REPUBLIKA.CO.ID, JAKARTA – Menyambut peringatan Hari Ulang Tahun ke-80 Republik Indonesia, Al-Fahmu Institute menggelar peluncuran sekaligus bedah buku terbaru karya Ustadz Fahmi Salim berjudul Petunjuk Manusia Pilihan: Jalan Indonesia Mengakhiri Kegelapan. Acara yang berlangsung di Auditorium Perpustakaan Nasional RI, Jumat (15/8/2025) ini menghadirkan sejumlah pemikir dan tokoh bangsa lintas bidang.
Hadir di antaranya pakar tafsir Alquran Amir Faisol Fath,pengamat politik kebangsaan Toni Rosyid, budayawan Neno Warisman, serta anggota DPR Ahmad Heryawan. Pemikir nasional Rocky Gerung juga turut serta dalam diskusi. Menteri Kebudayaan RI, Dr. Fadli Zon menyampaikan sambutan pengantar. Dukungan apresiatif datang pula melalui video dari Abdul Mu’ti (Mendikdasmen RI), Atip Latipul Hayat (Wamendikdasmen), Ustadz Abdul Somad, Ustadz Bachtiar Nasir, Ustadz Zaitun Rasmin, dan Anies Baswedan.
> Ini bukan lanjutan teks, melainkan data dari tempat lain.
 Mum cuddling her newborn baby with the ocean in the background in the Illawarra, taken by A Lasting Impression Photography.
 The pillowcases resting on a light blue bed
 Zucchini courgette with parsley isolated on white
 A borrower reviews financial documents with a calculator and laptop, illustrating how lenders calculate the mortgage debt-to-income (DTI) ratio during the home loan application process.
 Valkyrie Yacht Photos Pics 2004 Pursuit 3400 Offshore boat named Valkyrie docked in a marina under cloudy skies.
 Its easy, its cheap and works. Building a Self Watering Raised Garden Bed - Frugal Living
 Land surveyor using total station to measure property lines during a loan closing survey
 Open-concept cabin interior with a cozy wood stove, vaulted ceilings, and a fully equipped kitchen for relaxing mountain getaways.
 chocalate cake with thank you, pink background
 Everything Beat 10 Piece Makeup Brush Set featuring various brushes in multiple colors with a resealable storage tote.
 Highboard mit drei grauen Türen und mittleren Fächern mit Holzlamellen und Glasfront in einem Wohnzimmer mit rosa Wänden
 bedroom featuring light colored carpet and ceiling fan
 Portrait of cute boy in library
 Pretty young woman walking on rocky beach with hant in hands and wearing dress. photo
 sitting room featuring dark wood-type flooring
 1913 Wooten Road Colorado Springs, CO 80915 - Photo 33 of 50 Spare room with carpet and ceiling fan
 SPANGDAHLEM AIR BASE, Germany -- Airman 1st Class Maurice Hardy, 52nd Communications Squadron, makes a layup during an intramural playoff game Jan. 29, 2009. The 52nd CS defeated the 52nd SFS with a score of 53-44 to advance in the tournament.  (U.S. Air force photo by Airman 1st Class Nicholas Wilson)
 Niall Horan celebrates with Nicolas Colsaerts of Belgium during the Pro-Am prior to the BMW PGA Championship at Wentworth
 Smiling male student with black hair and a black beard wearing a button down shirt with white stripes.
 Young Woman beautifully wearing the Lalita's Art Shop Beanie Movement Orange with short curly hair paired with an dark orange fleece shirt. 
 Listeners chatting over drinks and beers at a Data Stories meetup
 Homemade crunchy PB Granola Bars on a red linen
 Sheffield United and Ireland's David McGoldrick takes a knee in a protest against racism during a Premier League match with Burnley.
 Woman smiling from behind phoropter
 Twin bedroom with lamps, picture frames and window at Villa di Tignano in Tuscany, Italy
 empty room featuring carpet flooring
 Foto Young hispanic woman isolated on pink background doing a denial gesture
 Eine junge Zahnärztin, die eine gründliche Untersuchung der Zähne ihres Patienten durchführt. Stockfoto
Bedah Buku Sekaligus Ruang Refleksi
Acara ini menjadi ruang refleksi atas makna kemerdekaan. Kisah para nabi menghadirkan kompas moral dan arah peradaban dalam menghadapi tantangan zaman: dari badai global, krisis moral, hingga ancaman perpecahan.
Buku Petunjuk Manusia Pilihan mengemas 33 kisah nabi dan rasul serta dua refleksi tentang menghadapi kekuasaan tiran, bukan sebagai nostalgia, tetapi sebagai peta jalan untuk menyalakan obor perubahan di negeri ini. Inilah bahan bakar moral yang harus disuntikkan ke dalam jiwa bangsa, agar kemerdekaan yang kita rayakan tidak hanya menjadi peringatan rutin, tetapi pernyataan tegas bahwa kita siap menjadi bangsa berkarakter dan berdaulat sepenuhnya.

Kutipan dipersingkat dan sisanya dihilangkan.